Commodore 64

The Commodore 64, introduced in 1982, became the best-selling single computer model ever made, selling in the tens of millions over its long production life. Built around the MOS Technology 6510, a variant of the 6502 with an on-chip I/O port, the machine paired a capable 8-bit processor with 64 kilobytes of RAM and two custom chips that set it apart from rivals at its price: the VIC-II video chip and the SID sound chip, both designed by Commodore’s in-house MOS engineers.

The Commodore 64 Programmer’s Reference Guide, the company’s official technical manual, documents these chips in detail. It describes the VIC-II’s hardware sprites, programmable movable objects that the video chip composites onto the display without the processor having to redraw them, along with the machine’s character and bitmap graphics modes and color handling. The same guide documents the SID chip’s three independent voices, multiple waveforms, filtering, and envelope control, an unusually rich synthesizer for a home computer of the time.

Those two chips shaped the machine’s culture. The SID’s expressive synthesis gave rise to a distinctive body of chiptune music, with composers writing directly to the chip’s registers to coax remarkably complex pieces from three voices. The VIC-II’s sprites and color tricks, combined with the documented hardware in the Reference Guide, gave game programmers and demo coders a well-understood platform to push to its limits, and the Commodore 64 became one of the central machines of the early demoscene.

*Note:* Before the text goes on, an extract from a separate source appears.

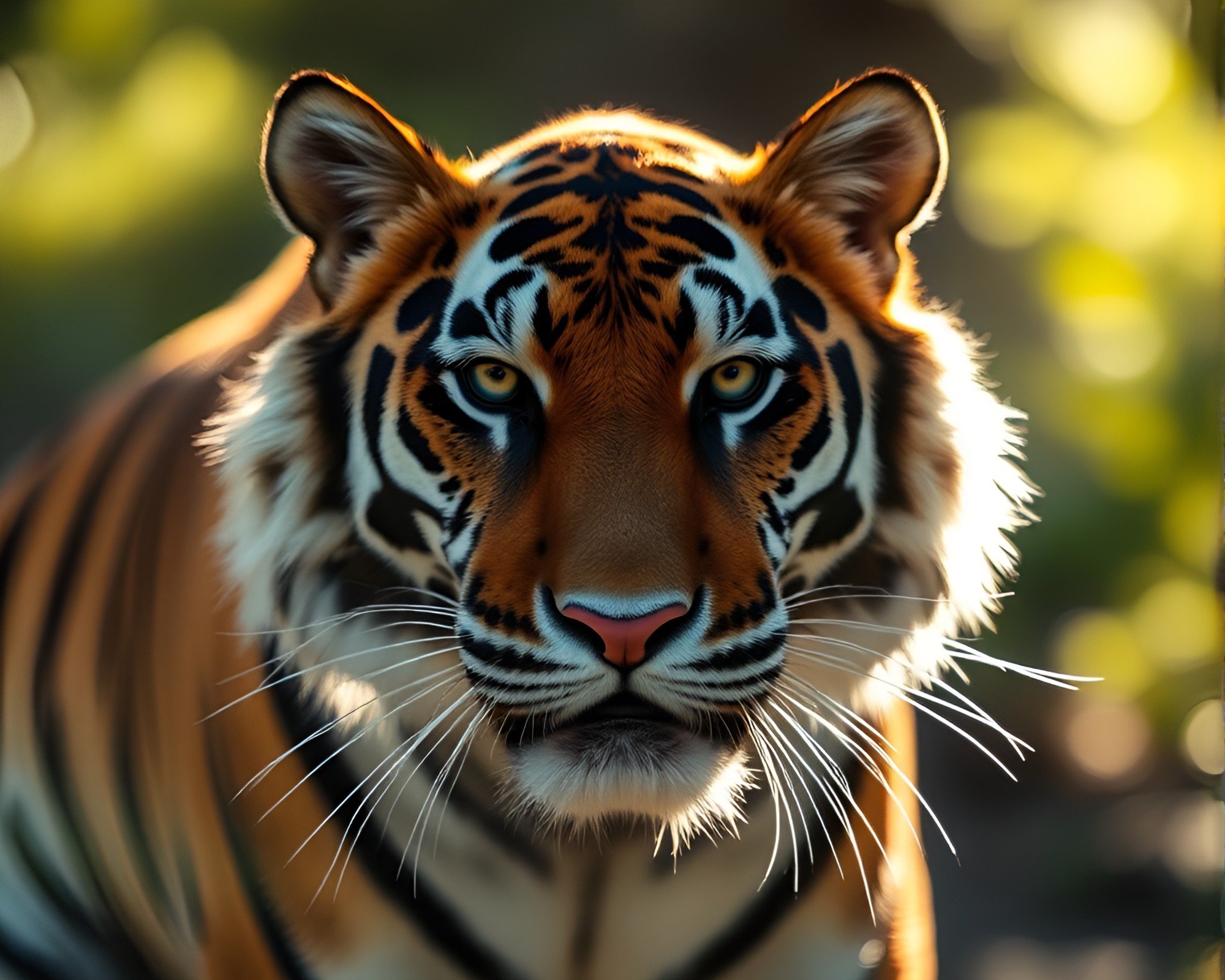 Majestic Tiger in Lens Sunburst Tilt-Shift Wonderland – free AI stock image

Commodore’s ownership of MOS Technology let it manufacture the 64’s custom chips and processor in-house, which kept costs low and allowed Jack Tramiel’s company to price the machine aggressively. That pricing, and Commodore’s willingness to sell through mass-market retail channels rather than computer specialty stores alone, helped the 64 reach an enormous audience of ordinary buyers, fulfilling Commodore’s ambition of computers for the masses.

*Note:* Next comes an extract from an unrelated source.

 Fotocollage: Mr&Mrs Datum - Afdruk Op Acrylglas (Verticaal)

The Commodore 64 came with Commodore BASIC built into ROM, so that switching it on dropped the user straight into a programming environment. For a generation of users it was a first computer and a first taste of writing code, of game development, and of low-level hardware programming. Its combination of mass-market sales, documented custom hardware, and an active community made it one of the most influential personal computers in history.